When being interviewed on BBC Radio 4’s Broadcasting House on Sunday, Brenda Maddox, the editor of Prospect Magazine made the point that, despite the current crises with the Euro, the European Union has been remarkably successful in its original post WWII strategic aim of creating an area of peace (if not always prosperity) in Europe.  If war might be seen as the continuation of economics by other means, then the economic union and integration which the EU has created over the past sixty year has achieved its primary goal of beating the swords of Franco-German rivalry into the ploughshares of the Common Agricultural Policy.
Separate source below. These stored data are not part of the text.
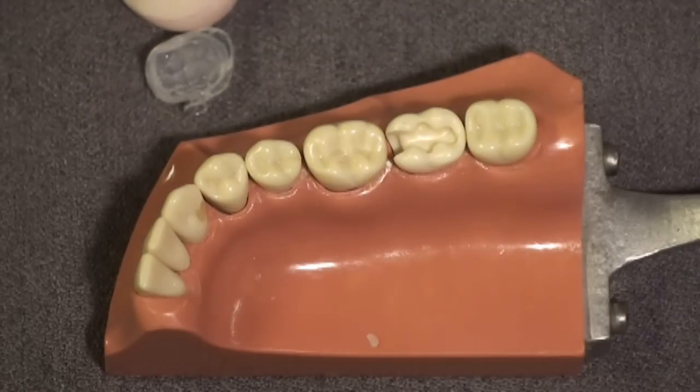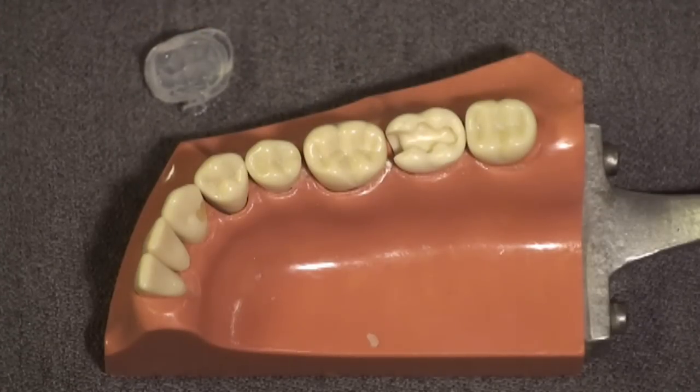Here's the custom matrix we're going to use later in the procedure. You can place it on the bracket table until it's needed after you place the last increment of composite. We've now cut our cavity preparation the way we normally do, and you can place any liners or bases as you care to.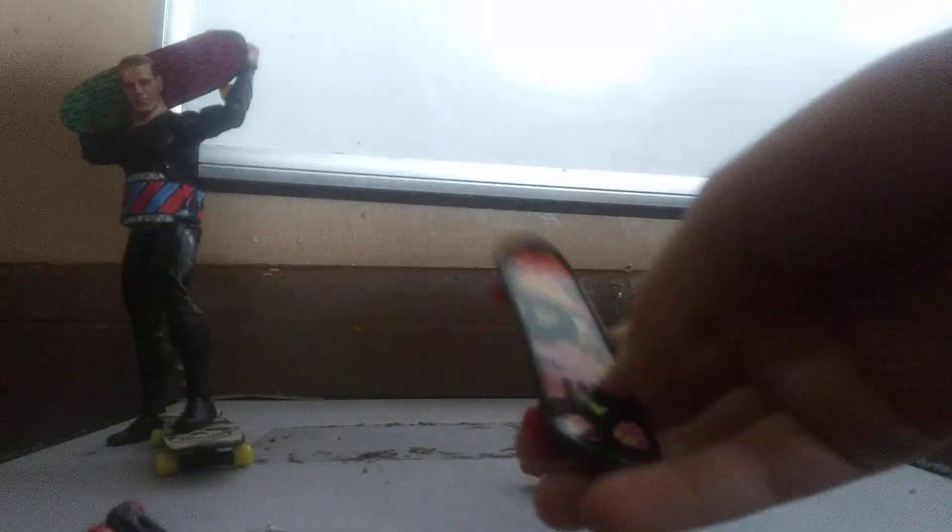Wow. Oh my god. All right guys, so here are the skateboards real quickly — these are very nice, very nice design too. I really like that design. Look at them. Pretty good actually, surprising.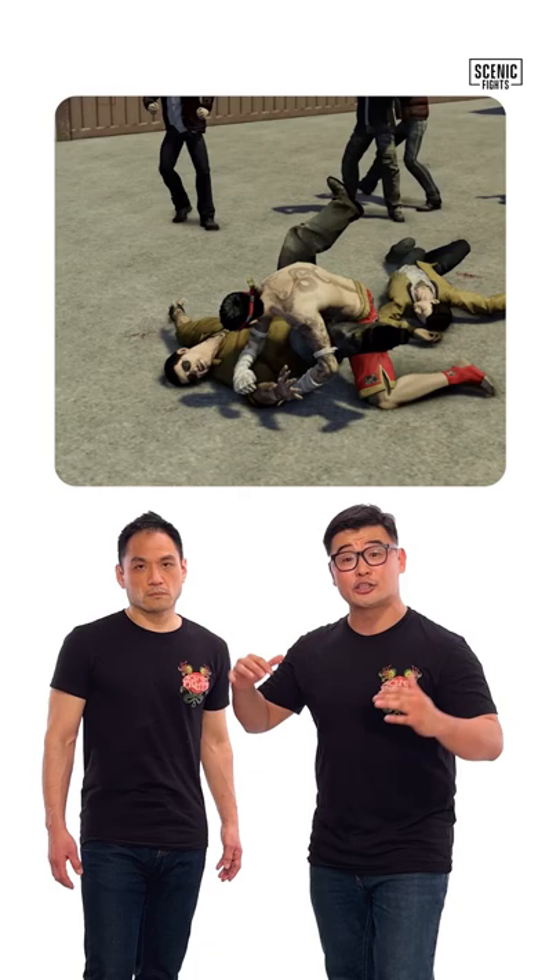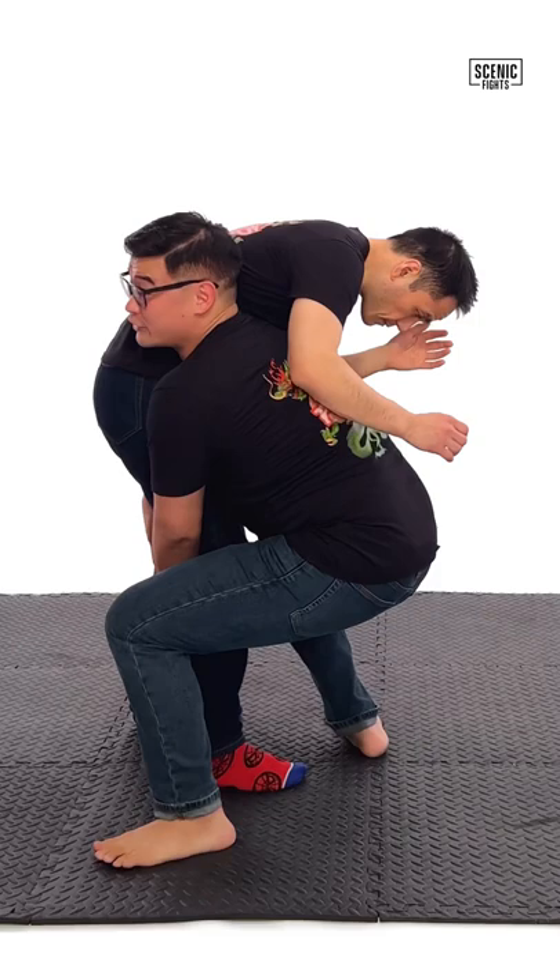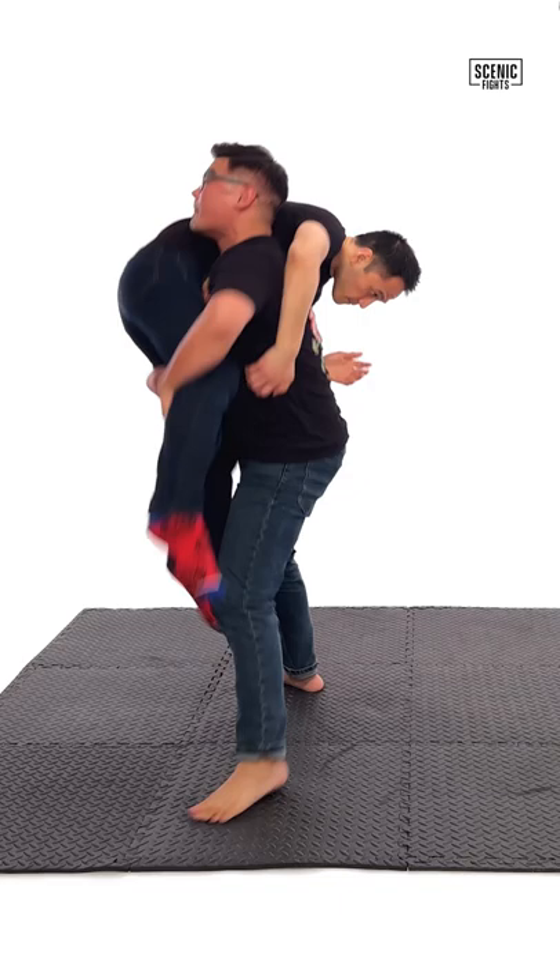Let's break that down. Step one: a punch to disguise the level change. Step two: grab low behind the knees. Step three: step your trail leg up, head and ear glued to the side, as I lift him up and move laterally. Now let's see it at full speed.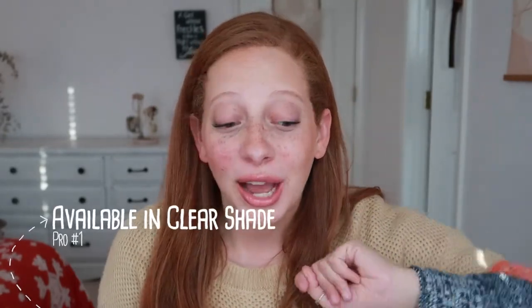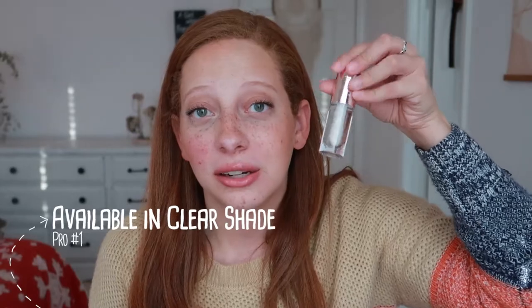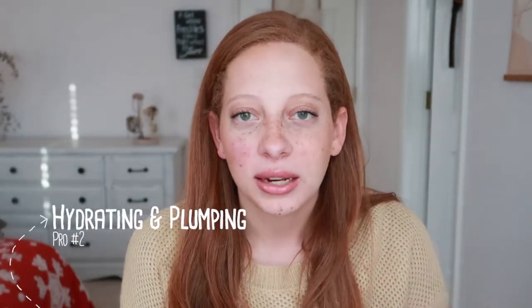Pro number one: it comes in clear. I love lip glosses that come with a clear shade — you can just use it for anything, for any given look. Clear lip gloss is perfect. Pro number two: it is very hydrating and plumping. I'm not going to say plumping as in, oh my gosh, I can feel it tingling and doing things to my lips. But lip glosses just provide a natural plump effect — they make your lips look plump and juicy, and I think it is because it provides that hydration and just makes your lips really living life.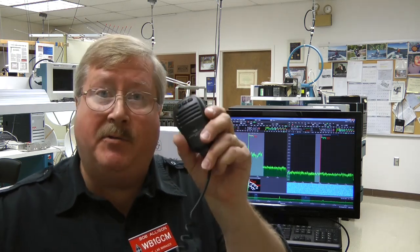The Sun SDR2 Pro does not come with a microphone. We found, though, that the Yaesu MH31 microphone works just fine, and we used it for our review. I'm Bob Allison, WB1GCM, here at the ARRL Laboratory. Thank you, Jorge.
It is perhaps worth reminding ourselves of this achievement of this Pax Europaea and the importance its maintenance, even as fears mount that the Euro-zone project looks set to crash and burn under the weight of Greek insolvency and a loss of confidence in Italian fiscal management. It is important to recall this idealistic foundation when faced with the now vast and sprawling – and ever-expanding – web of Treaties, legislation, principles, rights and duties that is now EU law.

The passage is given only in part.